Y es que a cada uno se le va la mano a donde más le duele. Por eso no podemos juzgar a otros bajo nuestro punto de vista, ni pretender convencer a nadie de que nuestra postura es la más adecuada, puesto que las circunstancias que a cada uno envuelven son diferentes a las de otros, aunque no dejen de ser las mismas. La evolución (más bien involución) a la que estamos siendo sometidos nos está haciendo ver todo aquello que pensábamos incuestionable desde otra óptica sostenida por el escepticismo. Quien tiene posibilidades económicas apenas hace uso de ellas “por si acaso” y quien realmente no las tiene, pues eso, no las tiene. Estamos acostumbrándonos a pasar con lo justo, a renovar nuestras pertenencias en precario o, incluso, a no hacerlo sin realizar más gastos que los estrictamente necesarios. Y eso no es bueno para nadie.

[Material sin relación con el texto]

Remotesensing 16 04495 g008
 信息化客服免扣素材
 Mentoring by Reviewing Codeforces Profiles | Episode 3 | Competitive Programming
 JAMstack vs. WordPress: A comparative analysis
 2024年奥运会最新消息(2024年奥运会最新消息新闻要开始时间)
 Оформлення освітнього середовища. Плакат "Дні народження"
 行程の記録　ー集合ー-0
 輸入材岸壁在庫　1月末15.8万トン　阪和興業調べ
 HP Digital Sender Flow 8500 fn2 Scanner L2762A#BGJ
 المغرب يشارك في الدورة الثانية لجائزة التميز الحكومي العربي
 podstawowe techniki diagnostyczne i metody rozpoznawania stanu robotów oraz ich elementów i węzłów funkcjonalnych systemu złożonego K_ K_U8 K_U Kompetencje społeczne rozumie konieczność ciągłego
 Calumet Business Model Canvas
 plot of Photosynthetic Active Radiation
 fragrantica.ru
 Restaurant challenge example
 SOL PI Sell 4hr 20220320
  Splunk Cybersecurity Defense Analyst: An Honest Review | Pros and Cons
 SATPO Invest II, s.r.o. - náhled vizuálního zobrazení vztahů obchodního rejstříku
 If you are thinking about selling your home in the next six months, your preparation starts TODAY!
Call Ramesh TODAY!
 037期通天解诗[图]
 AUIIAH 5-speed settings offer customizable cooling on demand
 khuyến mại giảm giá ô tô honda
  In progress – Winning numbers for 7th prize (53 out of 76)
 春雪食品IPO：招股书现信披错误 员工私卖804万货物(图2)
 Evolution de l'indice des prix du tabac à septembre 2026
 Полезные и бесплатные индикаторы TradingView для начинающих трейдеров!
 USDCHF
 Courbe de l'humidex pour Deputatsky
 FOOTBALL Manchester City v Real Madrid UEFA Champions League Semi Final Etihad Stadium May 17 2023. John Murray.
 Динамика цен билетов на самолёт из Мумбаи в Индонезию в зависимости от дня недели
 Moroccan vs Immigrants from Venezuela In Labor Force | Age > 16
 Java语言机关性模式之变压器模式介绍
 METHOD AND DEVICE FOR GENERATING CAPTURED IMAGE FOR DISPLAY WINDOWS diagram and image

Mala forma es esta de sacar a una población adelante sin poner otros medios que los recortes, las subidas de impuestos, la contención salarial y un miedo al futuro que flota en el aire y que ya no se nos va con casi nada. Menos mal que todavía queda gente con ilusiones y esperanza que cree en que algo bueno está por venir. Unámonos a ellos. El empeño del día a día y no el humo que nos venden los de arriba será lo que nos saque adelante . Y es que, para que un fuego que se apaga se reavive, no sólo es necesario soplar: hay que echar más leña.
O de lo contrario se extinguirá para siempre.